South Sudan opposition leader Riek Machar denies coup

Juba, South Sudan: Fugitive South Sudanese opposition leader Riek Machar has denied government allegations that he tried to stage a coup at the weekend.

In a BBC interview, he denied any link with fighting that began on Sunday.

Mr Machar, a former vice-president, accused President Salva Kiir of "inciting tribal and ethnic violence" to cover his own failings.

The UN has said the fighting has claimed hundreds of lives, and warned that it could descend into a civil war.

Mr Machar, who fell out with President Kiir in July, told the BBC on Wednesday: "There was no attempted coup."

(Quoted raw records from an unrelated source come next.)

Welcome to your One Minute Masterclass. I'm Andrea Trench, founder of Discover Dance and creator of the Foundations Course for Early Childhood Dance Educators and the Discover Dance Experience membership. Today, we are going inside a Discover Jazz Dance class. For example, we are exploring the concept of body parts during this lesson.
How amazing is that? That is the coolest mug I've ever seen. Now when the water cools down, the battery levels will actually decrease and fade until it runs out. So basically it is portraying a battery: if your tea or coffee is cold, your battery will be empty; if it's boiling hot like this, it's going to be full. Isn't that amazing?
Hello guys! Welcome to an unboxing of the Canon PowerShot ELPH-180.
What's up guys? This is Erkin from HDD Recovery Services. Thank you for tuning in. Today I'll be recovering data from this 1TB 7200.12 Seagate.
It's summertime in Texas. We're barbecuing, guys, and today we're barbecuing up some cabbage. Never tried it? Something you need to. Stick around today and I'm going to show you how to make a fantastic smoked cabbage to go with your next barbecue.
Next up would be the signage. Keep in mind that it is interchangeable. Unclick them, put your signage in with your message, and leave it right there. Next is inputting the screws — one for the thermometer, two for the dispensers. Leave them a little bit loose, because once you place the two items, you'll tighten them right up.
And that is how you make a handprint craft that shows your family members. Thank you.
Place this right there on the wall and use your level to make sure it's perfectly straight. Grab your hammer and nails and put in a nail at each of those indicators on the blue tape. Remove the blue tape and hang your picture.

He blamed Sunday's fighting on a conflict between members of the presidential guard, and said it spread across parts of the capital, Juba.

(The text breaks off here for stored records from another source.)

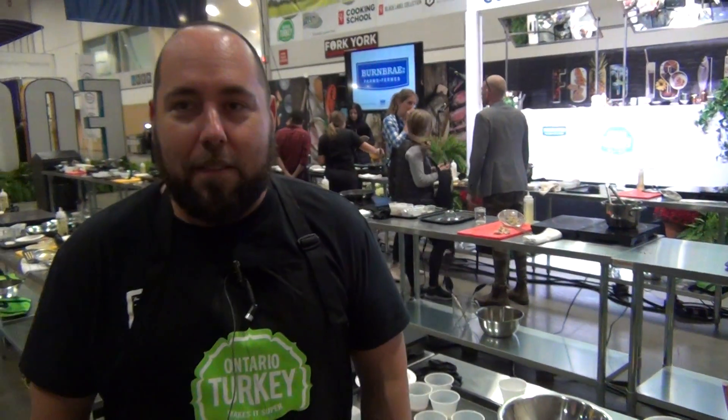Hi, my name is Wesley and I'm at the Food Culinary Experience at the 96th Annual Royal Winter Fair. Today I'm with Chef Devin and we actually cooked with turkey. We did the Sichuan turkey dumplings, some were fried, some were boiled.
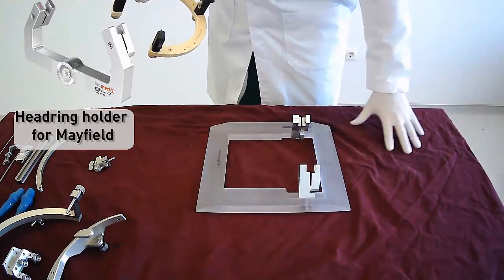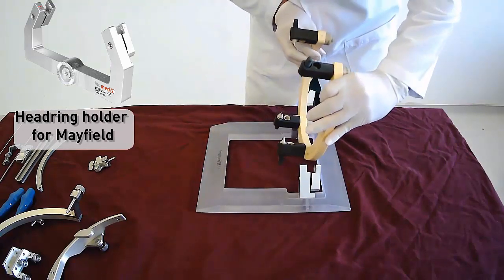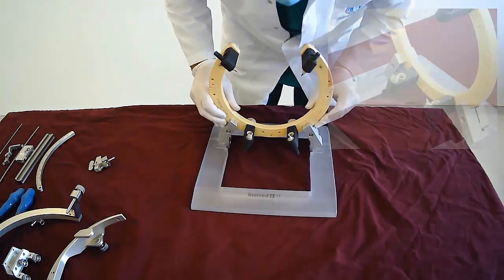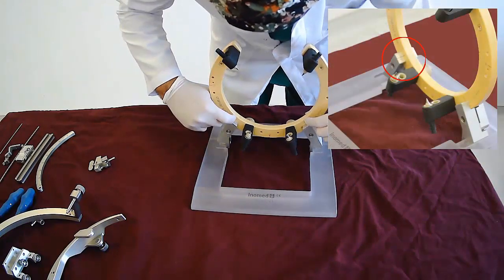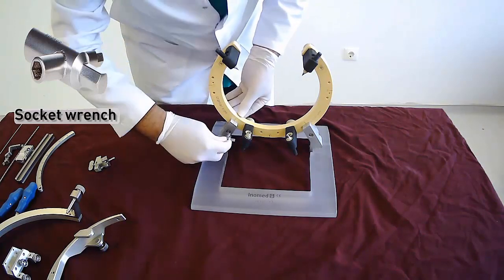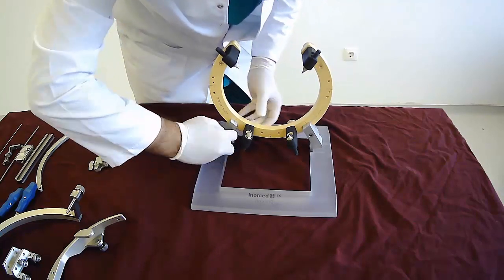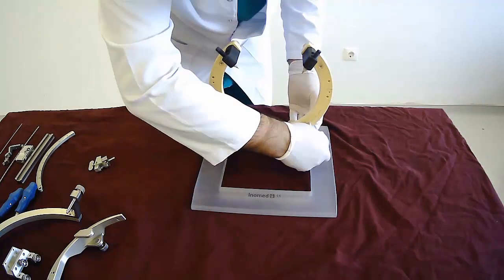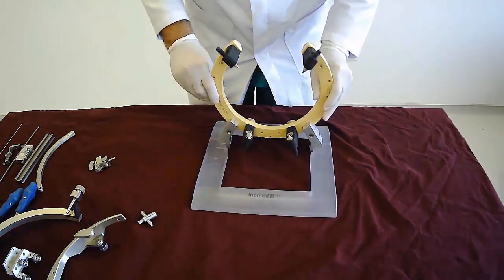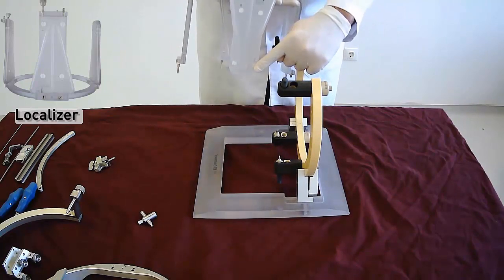We need to fit the headring to the headring holder. In this placement, the lines on the headring and the headring holder must come across. We need to tighten the screws by a socket wrench. Finally, we can implant the localizer.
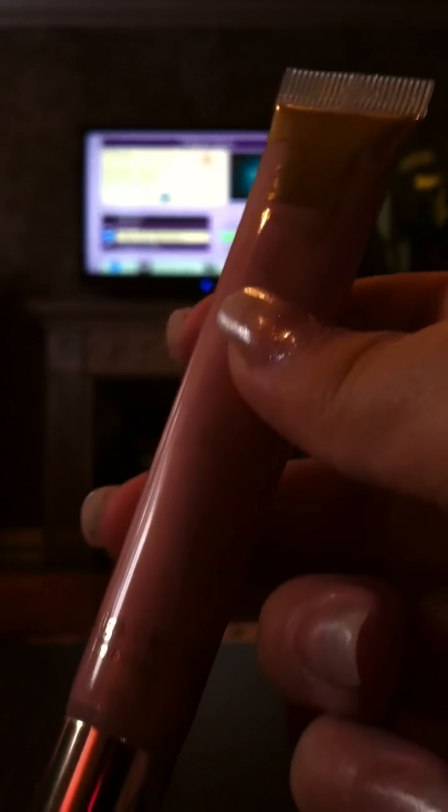I also got the Estee Lauder High Gloss Ultra Brilliance lip gloss in 07 Pearl. It's just a pearly color — it's a little bit less lilac than it looks on camera. That was $10.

He added that government troops used the incident to arrest some of his supporters on Monday, and that he himself escaped.

"Someone wanted to frame me," he said. "I had to flee. They are hunting me down."

President Kiir has said a group of soldiers supporting Mr Machar had tried to take power by force on Sunday night, but were defeated.

Details of the fighting have been sketchy, but a meeting of the UN Security Council in New York on Tuesday was told that the clashes were "apparently largely along ethnic lines".

French UN ambassador Gerard Araud, who holds the rotating presidency of the Security Council, said up to 20,000 people had taken refuge in the UN mission in Juba.